Required action: A faithful transcript of every entry is required; pictures do not belong in it.

[Web page caption snippets]
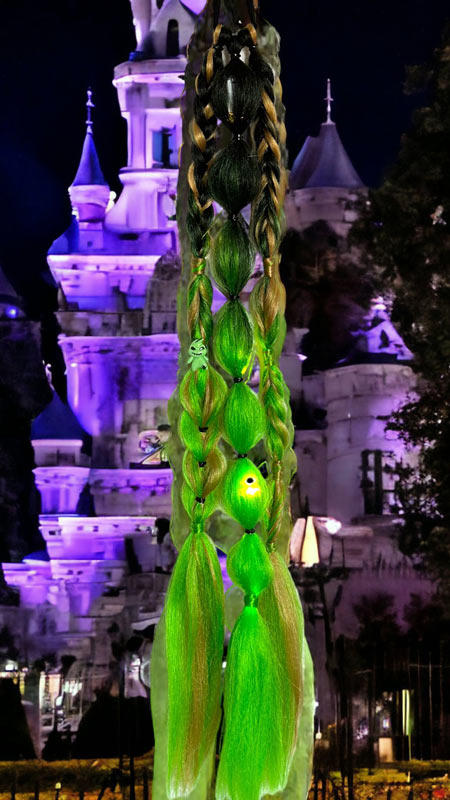 Oogie Boogie LED Braided Ponytail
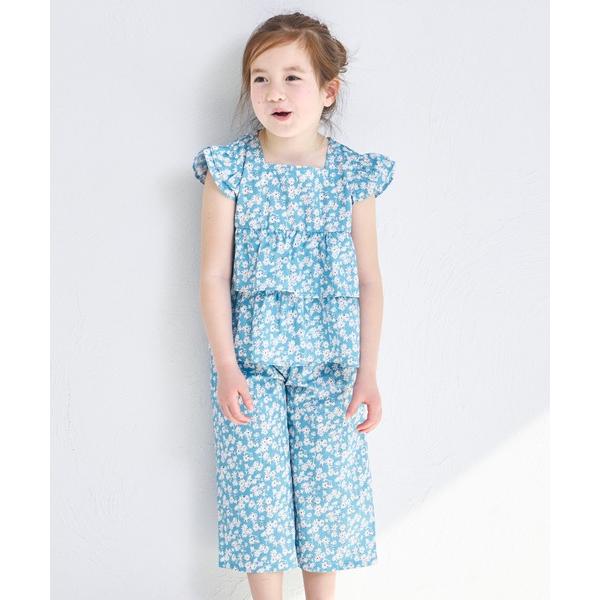 セットアップ 「リンクコーデ」ティアードフリル ガールズセットアップ キッズ 子供服 女の子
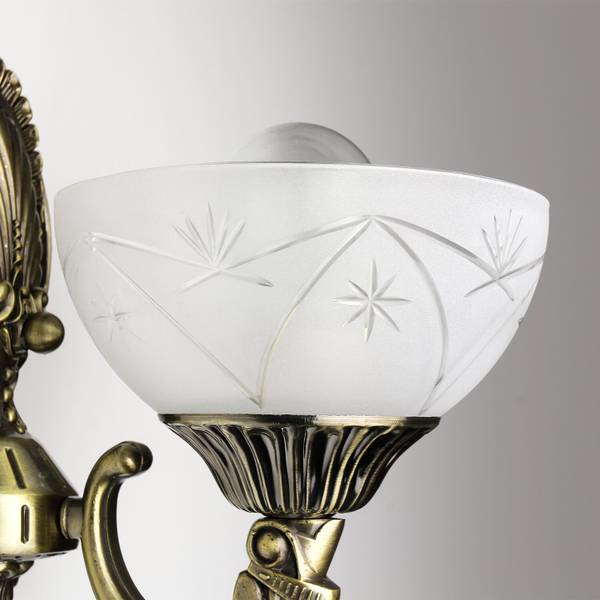 Wandleuchte HENRY Weiß - Glas - Metall - 16 x 22 x 21 cm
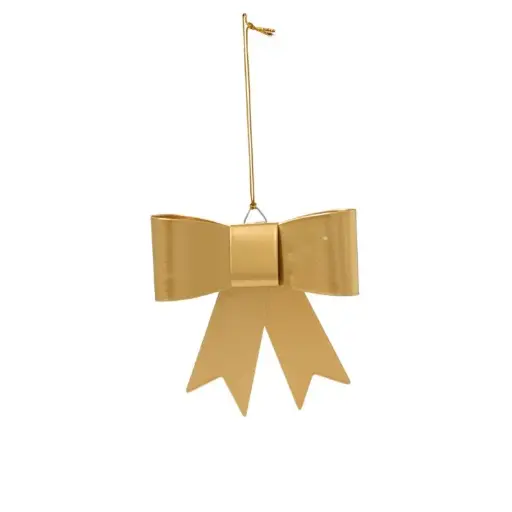 [66674] Perfect Bow Ornament 4.25"x 0.75"x 4.5"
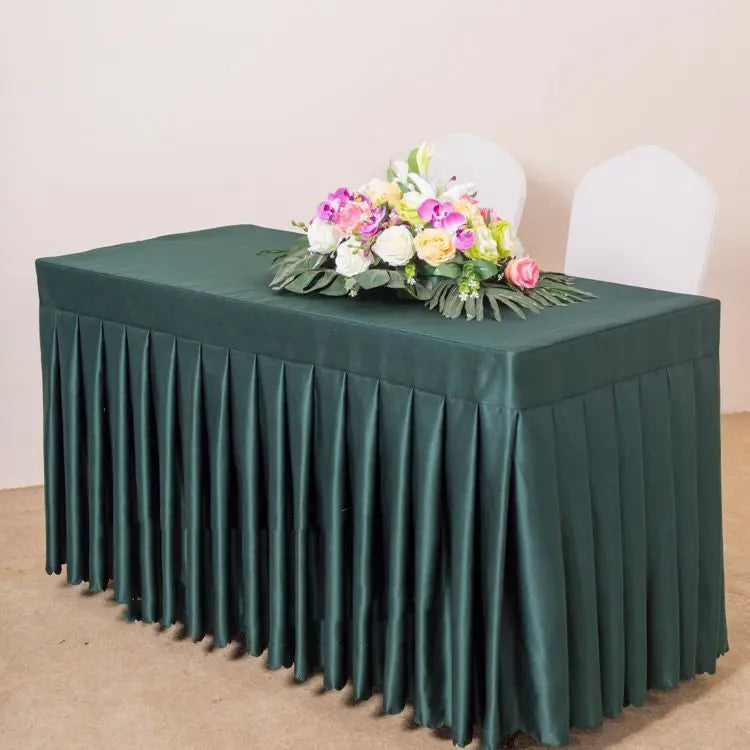 Housse Pour Table Moderne Satinée SERENA Dark green satin-120x60x75cm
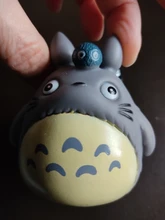 LLavero de animales de Totoro para hombre o mujer, llavero de piel con abalorio de Metal para bolso de coche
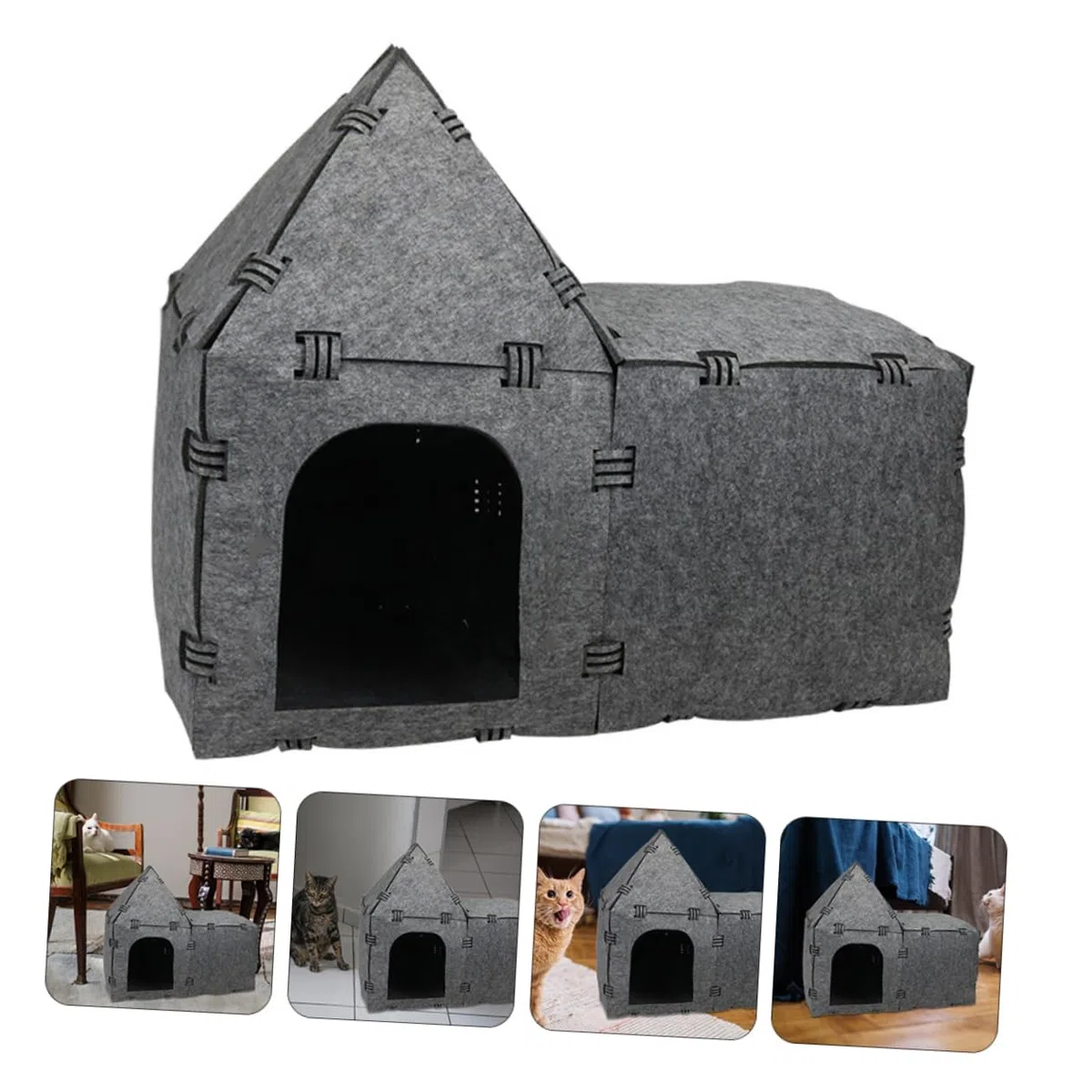 Ipetboom Juguete para Mascotas Túnel para Gatos Casa Nido Colores para Mantener Mascota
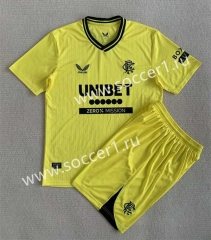 2023-2024 Rangers Goalkeeper Yellow Soccer Uniform-AY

Answer to the exercise:
 Oogie Boogie LED Braided Ponytail
 セットアップ 「リンクコーデ」ティアードフリル ガールズセットアップ キッズ 子供服 女の子
 Wandleuchte HENRY Weiß - Glas - Metall - 16 x 22 x 21 cm
 [66674] Perfect Bow Ornament 4.25"x 0.75"x 4.5"
 Housse Pour Table Moderne Satinée SERENA Dark green satin-120x60x75cm
 LLavero de animales de Totoro para hombre o mujer, llavero de piel con abalorio de Metal para bolso de coche
 Ipetboom Juguete para Mascotas Túnel para Gatos Casa Nido Colores para Mantener Mascota
 2023-2024 Rangers Goalkeeper Yellow Soccer Uniform-AY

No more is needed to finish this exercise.